-- Dataset extract follows --

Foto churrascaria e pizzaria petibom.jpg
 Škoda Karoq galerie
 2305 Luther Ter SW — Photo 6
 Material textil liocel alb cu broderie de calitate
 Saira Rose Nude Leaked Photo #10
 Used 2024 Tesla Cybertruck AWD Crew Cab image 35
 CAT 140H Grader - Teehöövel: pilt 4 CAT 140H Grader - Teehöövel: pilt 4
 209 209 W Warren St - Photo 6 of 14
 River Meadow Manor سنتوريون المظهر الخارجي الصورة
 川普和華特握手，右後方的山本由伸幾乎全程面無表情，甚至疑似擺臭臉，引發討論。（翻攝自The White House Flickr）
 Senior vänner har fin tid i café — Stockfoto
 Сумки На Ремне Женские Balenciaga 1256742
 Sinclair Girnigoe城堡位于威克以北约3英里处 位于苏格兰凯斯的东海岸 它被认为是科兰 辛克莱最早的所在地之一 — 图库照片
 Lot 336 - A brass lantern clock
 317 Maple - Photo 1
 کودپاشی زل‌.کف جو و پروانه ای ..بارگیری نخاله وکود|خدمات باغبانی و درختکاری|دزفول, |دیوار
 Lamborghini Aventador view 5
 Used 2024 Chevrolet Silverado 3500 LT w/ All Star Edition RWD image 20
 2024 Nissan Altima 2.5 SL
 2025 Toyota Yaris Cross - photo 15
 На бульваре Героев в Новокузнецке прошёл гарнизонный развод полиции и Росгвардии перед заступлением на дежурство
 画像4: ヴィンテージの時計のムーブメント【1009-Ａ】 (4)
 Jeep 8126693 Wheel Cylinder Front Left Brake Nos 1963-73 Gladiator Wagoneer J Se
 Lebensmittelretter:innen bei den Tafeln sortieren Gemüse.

-- Dataset extract concluded --

→ What you should do: What is needed is an exact copy of all the data above.

→ Answer space:
Foto churrascaria e pizzaria petibom.jpg
 Škoda Karoq galerie
 2305 Luther Ter SW — Photo 6
 Material textil liocel alb cu broderie de calitate
 Saira Rose Nude Leaked Photo #10
 Used 2024 Tesla Cybertruck AWD Crew Cab image 35
 CAT 140H Grader - Teehöövel: pilt 4 CAT 140H Grader - Teehöövel: pilt 4
 209 209 W Warren St - Photo 6 of 14
 River Meadow Manor سنتوريون المظهر الخارجي الصورة
 川普和華特握手，右後方的山本由伸幾乎全程面無表情，甚至疑似擺臭臉，引發討論。（翻攝自The White House Flickr）
 Senior vänner har fin tid i café — Stockfoto
 Сумки На Ремне Женские Balenciaga 1256742
 Sinclair Girnigoe城堡位于威克以北约3英里处 位于苏格兰凯斯的东海岸 它被认为是科兰 辛克莱最早的所在地之一 — 图库照片
 Lot 336 - A brass lantern clock
 317 Maple - Photo 1
 کودپاشی زل‌.کف جو و پروانه ای ..بارگیری نخاله وکود|خدمات باغبانی و درختکاری|دزفول, |دیوار
 Lamborghini Aventador view 5
 Used 2024 Chevrolet Silverado 3500 LT w/ All Star Edition RWD image 20
 2024 Nissan Altima 2.5 SL
 2025 Toyota Yaris Cross - photo 15
 На бульваре Героев в Новокузнецке прошёл гарнизонный развод полиции и Росгвардии перед заступлением на дежурство
 画像4: ヴィンテージの時計のムーブメント【1009-Ａ】 (4)
 Jeep 8126693 Wheel Cylinder Front Left Brake Nos 1963-73 Gladiator Wagoneer J Se
 Lebensmittelretter:innen bei den Tafeln sortieren Gemüse.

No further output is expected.